A recent study by researchers at NYU Langone Health provides some of the first evidence that SARS-CoV-2 can directly infect coronary tissue, including coronary immune cells. Their findings, published in Nature Cardiovascular Research, shed mechanistic insight into how COVID-19 infection contributes to elevated risk of ischemic cardiac events in individuals with atherosclerosis.
“This is the first evidence of a possible direct linkage between SARS-CoV-2 infection, the inflammatory response, and cardiovascular events.”
Chiara Giannarelli, MD, PhD
“This is the first evidence of a possible direct linkage between SARS-CoV-2 infection, the inflammatory response, and cardiovascular events,” says study senior author and cardiologist Chiara Giannarelli, MD, PhD.
COVID-19 and Cardiac Risk
SARS-CoV-2 infection increases the risk of acute myocardial infarction and stroke for up to a year after the initial infection. Cytokine storms—an extreme inflammatory response arising from infection—are presumed to be a factor. But what happens at the cellular level in the vasculature?
The new study was designed to uncover any direct impacts on the coronary vasculature, and researchers hypothesized that immune cells, such as macrophages, could be involved.
Artificial Intelligence Amps Up Viral Detection
Their analysis detected the virus within the arteries of eight men and women with a history of atherosclerosis who had died of COVID-19. The authors trained a neural network artificial intelligence program to measure viral RNA levels, specifically in cells infiltrating the arterial wall.
In addition to infecting arterial tissue, viral RNA was also detected in infiltrating macrophages. “This study definitively shows that SARS-CoV-2 can infect and replicate in macrophages in the coronary vasculature of individuals with COVID-19,” says Dr. Giannarelli.
“This study definitively shows that SARS-CoV-2 can infect and replicate in macrophages in the coronary vasculature of individuals with COVID-19.”
Viral replication levels were highest in samples classified as “pathological intimal thickening with macrophage infiltration”—believed to be the precursor phase to atherosclerotic plaque formation.
Preferential Infection of Foam Cells
Not all macrophages appear to be equally susceptible to SARS-CoV-2 infection. The study findings revealed that macrophages rich in engulfed fat, called foam cells, were infected more frequently and for longer periods than typical macrophages.
According to the researchers, this suggests that the coronavirus may persist more easily in people with large amounts of plaque buildup in their arteries, partly explaining why those with atherosclerosis are more susceptible to COVID-19.
Provoking an Inflammatory Response
The experiments showed that in response to infection, the macrophages release cytokines known to promote a chronic immune response. The researchers note that two identified cytokines, interleukin-1 beta and interleukin-6, are tied to heart attacks.
This heightened state of inflammation may facilitate the formation and rupture of arterial plaques, impeding blood flow, explains Dr. Giannarelli.
Understanding of Long COVID
“These results shed light on a possible connection between preexisting heart issues and long COVID symptoms,” says Dr. Giannarelli. “It appears that the immune cells most involved in atherosclerosis may serve as a reservoir for the virus, allowing it to persist in the body over time.”
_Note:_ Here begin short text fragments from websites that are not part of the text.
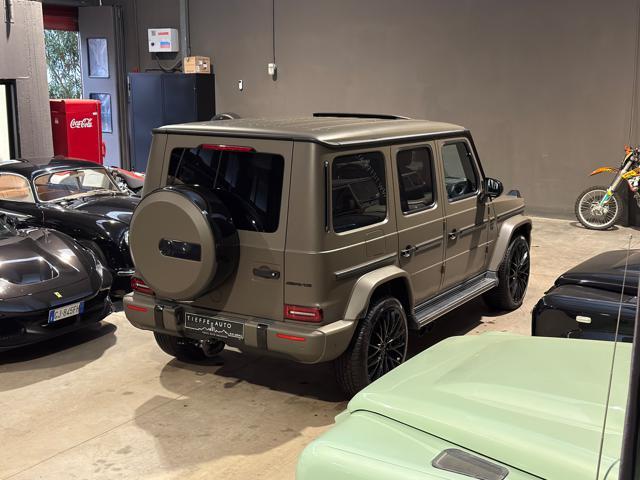 MERCEDES-BENZ G 500 S.W. Premium Plus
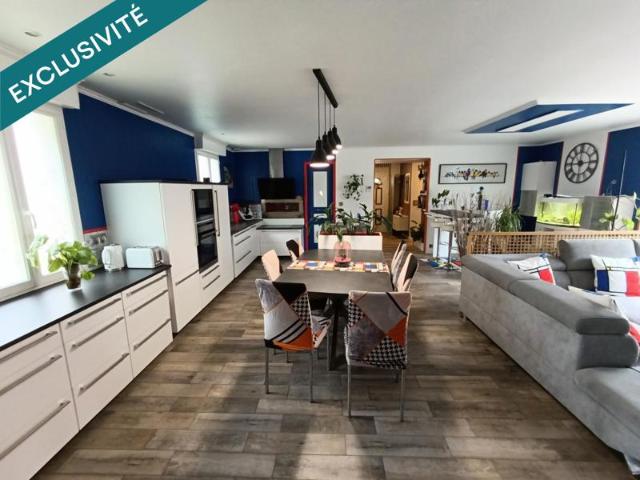 Maison vente à La Rochelle, Cramchaban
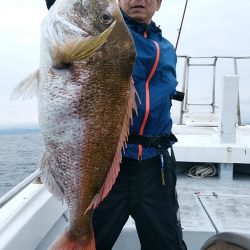 LUSTER『ラスター』 釣果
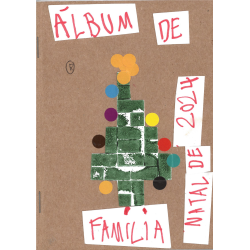 Álbum de Família Natal de 2024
“The immune cells most involved in atherosclerosis may serve as a reservoir for the virus, allowing it to persist in the body over time.”
As a result, the research team next plans to explore more closely this potential link between the coronavirus’s behavior during atherosclerosis and long COVID, whose symptoms may include heart palpitations, chest pain, and fatigue.
Dr. Giannarelli adds that because the current study analyzed tissue infected with viral strains that spread throughout New York City early in the pandemic, the authors are investigating any differences after exposure to newer variants and the protective effects of vaccination.